To be sure, Rubio has his responses to Cruz, but the plain fact remains: Rubio supported Obama and Clinton on Libya. Moreover, Rubio supported Obama and Clinton on Syria, too. That’s what Wilsonians do: They support whoever is in charge, regardless of party, if the issue is the use of force to “do good” overseas.

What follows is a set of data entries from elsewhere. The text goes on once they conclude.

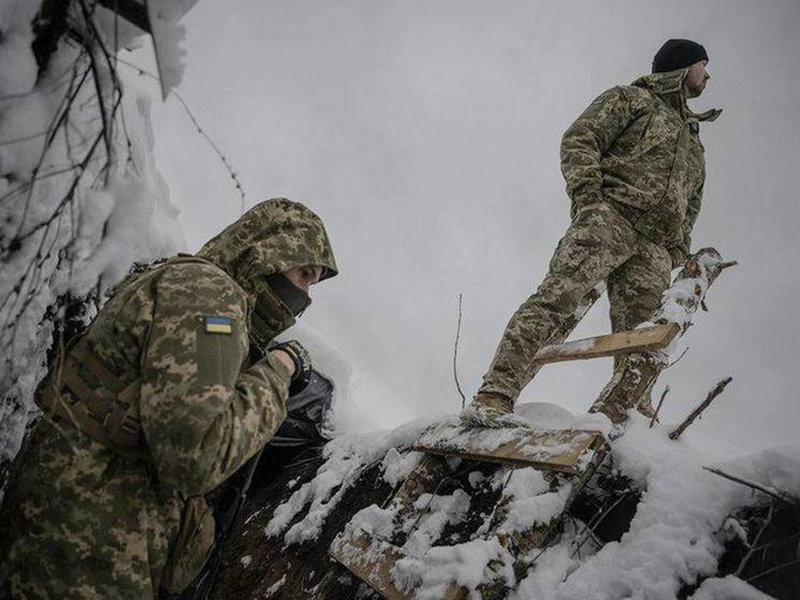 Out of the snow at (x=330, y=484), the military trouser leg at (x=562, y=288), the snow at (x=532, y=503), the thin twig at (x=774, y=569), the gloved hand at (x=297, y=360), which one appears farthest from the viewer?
the snow at (x=330, y=484)

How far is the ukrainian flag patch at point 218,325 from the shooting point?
1354 mm

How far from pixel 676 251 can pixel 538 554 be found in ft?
7.96

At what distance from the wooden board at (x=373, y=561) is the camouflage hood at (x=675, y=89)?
332 centimetres

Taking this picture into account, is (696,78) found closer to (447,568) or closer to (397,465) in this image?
(397,465)

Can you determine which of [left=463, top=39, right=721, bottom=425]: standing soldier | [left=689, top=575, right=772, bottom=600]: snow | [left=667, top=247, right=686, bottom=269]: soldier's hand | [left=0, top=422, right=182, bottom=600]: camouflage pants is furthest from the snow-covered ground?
[left=667, top=247, right=686, bottom=269]: soldier's hand

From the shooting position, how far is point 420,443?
244 cm

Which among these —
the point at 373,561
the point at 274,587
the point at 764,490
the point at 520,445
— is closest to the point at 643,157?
the point at 520,445

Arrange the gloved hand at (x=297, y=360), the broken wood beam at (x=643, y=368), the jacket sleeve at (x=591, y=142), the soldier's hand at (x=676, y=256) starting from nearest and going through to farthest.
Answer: the gloved hand at (x=297, y=360), the broken wood beam at (x=643, y=368), the jacket sleeve at (x=591, y=142), the soldier's hand at (x=676, y=256)

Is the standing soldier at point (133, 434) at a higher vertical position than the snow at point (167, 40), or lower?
lower

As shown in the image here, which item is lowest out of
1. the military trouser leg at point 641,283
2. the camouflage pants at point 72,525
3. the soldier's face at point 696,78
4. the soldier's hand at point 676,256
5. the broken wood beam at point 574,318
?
the camouflage pants at point 72,525

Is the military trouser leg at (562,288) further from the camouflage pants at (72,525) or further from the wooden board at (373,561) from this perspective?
the camouflage pants at (72,525)

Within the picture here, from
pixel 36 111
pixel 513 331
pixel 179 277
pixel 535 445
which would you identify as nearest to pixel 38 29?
pixel 36 111

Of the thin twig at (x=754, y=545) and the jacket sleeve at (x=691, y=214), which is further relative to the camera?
the jacket sleeve at (x=691, y=214)

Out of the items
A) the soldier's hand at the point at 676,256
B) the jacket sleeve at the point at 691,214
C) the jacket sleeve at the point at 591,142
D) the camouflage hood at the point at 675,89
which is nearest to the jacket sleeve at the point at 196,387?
the jacket sleeve at the point at 591,142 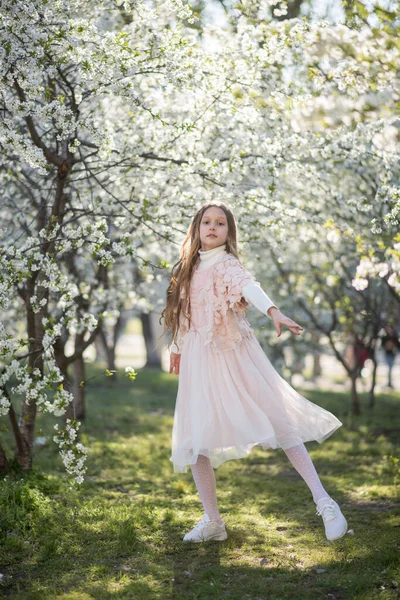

And so, for example, we can fully expect that left-Wilsonians—for example, Brian Katulis, whom we cited earlier, in league with the right-Wilsonian Danielle Pletka—would happily support a President Rubio on some new round of foreign-policy adventurism. And as we already know, Katulis-type Democrats stand ready to support a President Rubio in the cause of opening up America’s border to new immigrants—including, one supposes, the next Tafsheen Malik.

So as we have seen, Rubio’s invade-the-world-invite-the-world ideology is perfectly consistent with the Wilsonian tradition.

What remains to be seen, however, is whether or not the Republican Party, which is increasingly enamored of Trump-Cruz-type Jacksonian Americanism, is interested in seeing the elite Wilsonian internationalists regain power—so that they can continue their mission of saving the world.